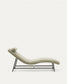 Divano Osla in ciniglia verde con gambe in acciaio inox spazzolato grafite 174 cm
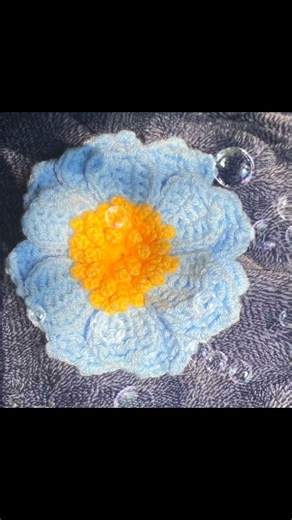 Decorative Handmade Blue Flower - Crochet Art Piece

---

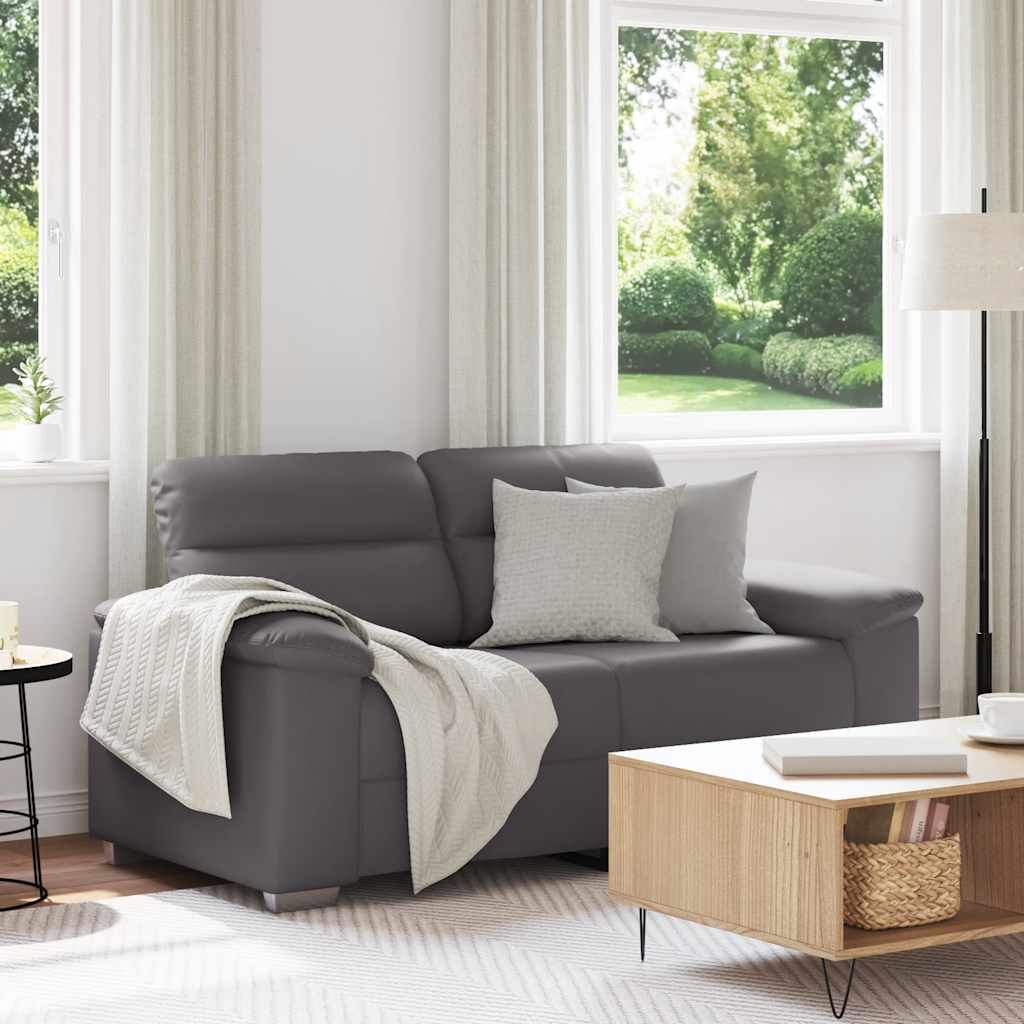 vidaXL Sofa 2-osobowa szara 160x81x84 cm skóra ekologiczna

Task requirements: Look back at the data above, then output exactly the lines from the line holding "Divano Osla in" up to and including the line holding "Decorative Handmade Blue". Leave out the pictures.

Answer to this exercise:
 Divano Osla in ciniglia verde con gambe in acciaio inox spazzolato grafite 174 cm
 Decorative Handmade Blue Flower - Crochet Art Piece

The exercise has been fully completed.